[BioC] a problem of trimLRPatterns still confused me

Fri Nov 30 08:22:50 CET 2012

You are perfectly correct, but it is not terrible that we trimmed a little extra.  On the other
hand, there is a problem lurking here that, in opposite cases, we would not quite trim enough.

To simplify the example, we are only concerned with the last 10 letters of your subject and the
first 10 letters of Rpattern:

> substr(subject, 91, 100)
[1] "CAAGATCAAG"
> substr(Rpattern, 1, 10)
[1] "AGATCGGAAG"

Then note that
> neditEndingAt("AGATCGGAAG", "CAAGATCAAG", ending.at=10, with.indels=TRUE)
[1] 2

And your result:
> trimLRPatterns(Rpattern = "AGATCGGAAG", subject = "CAAGATCAAG", max.Rmismatch=2, with.Rindels=TRUE)
[1] ""

But you ask why, after deleting GG in the Rpattern, we don't trim only the last 8 letters of the subject
rather than all 10.  This is a valid question.

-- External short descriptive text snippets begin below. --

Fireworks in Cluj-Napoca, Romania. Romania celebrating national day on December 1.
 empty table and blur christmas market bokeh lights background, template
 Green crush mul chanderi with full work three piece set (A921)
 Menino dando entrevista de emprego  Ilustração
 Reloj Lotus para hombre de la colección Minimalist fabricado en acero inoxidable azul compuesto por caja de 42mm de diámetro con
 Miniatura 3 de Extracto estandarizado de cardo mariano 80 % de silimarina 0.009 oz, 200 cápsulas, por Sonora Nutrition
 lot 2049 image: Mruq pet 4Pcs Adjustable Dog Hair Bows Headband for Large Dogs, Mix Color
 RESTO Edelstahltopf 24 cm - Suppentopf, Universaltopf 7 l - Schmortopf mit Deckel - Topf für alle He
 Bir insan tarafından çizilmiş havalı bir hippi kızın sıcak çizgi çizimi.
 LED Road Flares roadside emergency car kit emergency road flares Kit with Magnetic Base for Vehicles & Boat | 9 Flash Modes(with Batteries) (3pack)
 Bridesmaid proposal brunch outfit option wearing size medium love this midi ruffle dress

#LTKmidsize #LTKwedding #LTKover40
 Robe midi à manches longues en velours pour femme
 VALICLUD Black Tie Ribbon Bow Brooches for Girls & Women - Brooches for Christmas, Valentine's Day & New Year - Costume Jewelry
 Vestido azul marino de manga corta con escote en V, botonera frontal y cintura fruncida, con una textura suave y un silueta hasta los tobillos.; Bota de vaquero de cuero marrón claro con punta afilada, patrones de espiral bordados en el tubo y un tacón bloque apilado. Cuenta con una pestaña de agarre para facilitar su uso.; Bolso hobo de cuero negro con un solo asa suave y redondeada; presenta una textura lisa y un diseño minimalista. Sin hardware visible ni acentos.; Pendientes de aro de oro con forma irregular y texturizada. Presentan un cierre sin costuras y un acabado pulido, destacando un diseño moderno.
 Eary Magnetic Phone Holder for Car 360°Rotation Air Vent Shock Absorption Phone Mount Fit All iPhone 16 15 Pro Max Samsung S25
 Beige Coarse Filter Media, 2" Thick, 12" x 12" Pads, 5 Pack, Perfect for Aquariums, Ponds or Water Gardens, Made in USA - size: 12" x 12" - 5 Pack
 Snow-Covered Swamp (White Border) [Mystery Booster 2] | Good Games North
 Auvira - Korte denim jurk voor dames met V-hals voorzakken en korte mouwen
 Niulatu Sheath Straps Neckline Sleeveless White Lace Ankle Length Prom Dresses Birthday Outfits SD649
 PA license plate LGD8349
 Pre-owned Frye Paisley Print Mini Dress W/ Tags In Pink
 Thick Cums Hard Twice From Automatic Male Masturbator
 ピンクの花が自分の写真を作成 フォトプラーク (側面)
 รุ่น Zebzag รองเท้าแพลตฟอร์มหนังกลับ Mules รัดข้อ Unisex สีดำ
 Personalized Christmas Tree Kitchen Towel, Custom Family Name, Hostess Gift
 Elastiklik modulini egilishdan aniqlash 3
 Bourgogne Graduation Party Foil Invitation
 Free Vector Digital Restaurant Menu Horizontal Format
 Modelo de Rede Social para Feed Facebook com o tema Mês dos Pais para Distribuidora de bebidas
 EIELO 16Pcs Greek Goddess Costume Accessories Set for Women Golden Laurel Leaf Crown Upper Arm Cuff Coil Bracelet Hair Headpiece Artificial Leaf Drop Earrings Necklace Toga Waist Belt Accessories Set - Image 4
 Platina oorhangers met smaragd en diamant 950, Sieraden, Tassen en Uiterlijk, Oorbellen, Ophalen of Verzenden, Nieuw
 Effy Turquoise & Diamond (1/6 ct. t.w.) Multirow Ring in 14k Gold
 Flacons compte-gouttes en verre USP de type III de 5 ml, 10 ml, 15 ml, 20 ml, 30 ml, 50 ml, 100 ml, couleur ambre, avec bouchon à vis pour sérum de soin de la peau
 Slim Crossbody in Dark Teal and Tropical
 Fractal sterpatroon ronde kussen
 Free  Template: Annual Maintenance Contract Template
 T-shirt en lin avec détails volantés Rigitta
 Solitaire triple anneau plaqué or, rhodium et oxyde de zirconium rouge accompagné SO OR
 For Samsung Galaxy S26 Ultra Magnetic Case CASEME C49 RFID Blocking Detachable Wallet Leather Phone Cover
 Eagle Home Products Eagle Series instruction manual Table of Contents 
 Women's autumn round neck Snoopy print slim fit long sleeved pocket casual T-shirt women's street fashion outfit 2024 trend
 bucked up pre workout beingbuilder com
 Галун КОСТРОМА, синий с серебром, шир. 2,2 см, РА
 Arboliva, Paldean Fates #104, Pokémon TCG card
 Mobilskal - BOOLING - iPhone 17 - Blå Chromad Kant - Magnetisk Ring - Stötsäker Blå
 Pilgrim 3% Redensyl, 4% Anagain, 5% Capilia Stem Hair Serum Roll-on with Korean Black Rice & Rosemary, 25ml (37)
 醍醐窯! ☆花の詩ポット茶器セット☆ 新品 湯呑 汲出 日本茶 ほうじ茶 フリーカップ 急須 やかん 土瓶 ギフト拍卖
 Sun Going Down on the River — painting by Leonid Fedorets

In general, with max.Rmismatch=2 and with.Rindels=TRUE, the matching suffix of the subject (ending.at=10)
could be as short as 8 letters or as long as 12.  The lower (C) level matching code does not actually
report the matching portion of the subject -- at least, it didn't long ago.  Thus, trimLRPatterns takes a
lazy out and trims the subject suffix of the same length as the matching Rpattern prefix.  Up to the
length of the pattern prefix, this has the advantage of always removing any possible adapter even if more
is removed than necessary, as you describe here.  If the match used 2 insertions in the pattern, rather
than deletions, so was 12 letters long, then we aren't removing all possible adapter, and this will hurt
or prevent later alignment.  One might say that we should trim 12 in all cases, even yours, and I have
proposed that.

Thanks, and let us know if I didn't get your point.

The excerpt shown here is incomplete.